On systemd systems, that's approximately:

- run systemd-tmpfiles when a package installs a tmpfiles.d snippet
  (this is added to the package's postinst by dh_installsystemd)

- run systemd-sysusers when a package installs a sysusers.d snippet
  (I don't think we have tools to add this to the postinst yet, because
  packages are currently meant to run adduser --system instead, but
  more-systemd-centric distributions probably already do this in their
  equivalent of the postinst)

- run systemd-tmpfiles during boot (this is systemd-tmpfiles-setup.service,
  part of systemd)

- run systemd-sysusers during boot (this is
  systemd-sysusers.service, part of systemd)

The opentmpfiles and opensysusers packaging will need to arrange to do
something analogous, most likely in cooperation with dh_installsystemd
or some other debhelper step for the first two points, and with LSB init
scripts for the tasks where systemd uses one-shot services.

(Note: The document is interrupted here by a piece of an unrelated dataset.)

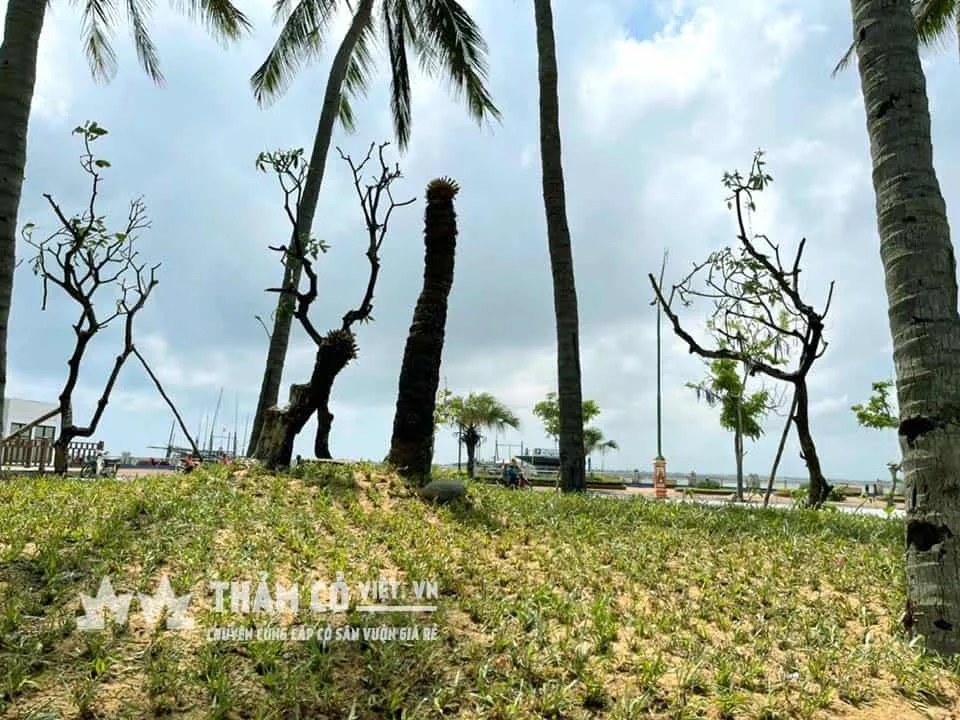 Hình ảnh trồng cỏ lá gừng bằng phương pháp trồng cấy – THẢM CỎ VIỆT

So in Ubuntu we got this interesting bug https://bugs.launchpad.net/ubuntu/+source/haproxy/+bug/1855140 which can be summarized as saying that haproxy doesn't work out of the box in a docker container, because it installs a tmpfiles.d snippet but nothing processes it (I haven't tried, but I very much expect that the behaviour is the same between Debian and Ubuntu here).

On the face of it, this is a bug in the package: it depends for its operation on a package not listed in Depends but making the package depend on systemd wouldn't actually be very useful for getting it running in docker, for a few reasons. I think it would be better to change debhelper:

 * to add "systemd | opentmpfiles" to misc:Depends whenever a package installs a tmpfiles.d snippet
 * stop checking for -d /run/systemd/system in autoscripts/postinst-init-tmpfiles and check for systemd-tmpfiles / opentmpfiles in $PATH instead (and using the one that is found, obviously)

Obviously there are a few variations on the above, like:

 * splitting a systemd-tmpfiles package out of the systemd package first
 * change systemd(-tmpfiles) and opentmpfiles to Provides: tmpfiles and use alternatives to provide /usr/bin/tmpfiles, have debhelper reference these instead

But the approach I outlined seems simplest and easiest to implement. Does it make sense to people here? I can try to work on a patch (although my perl isn't the greatest).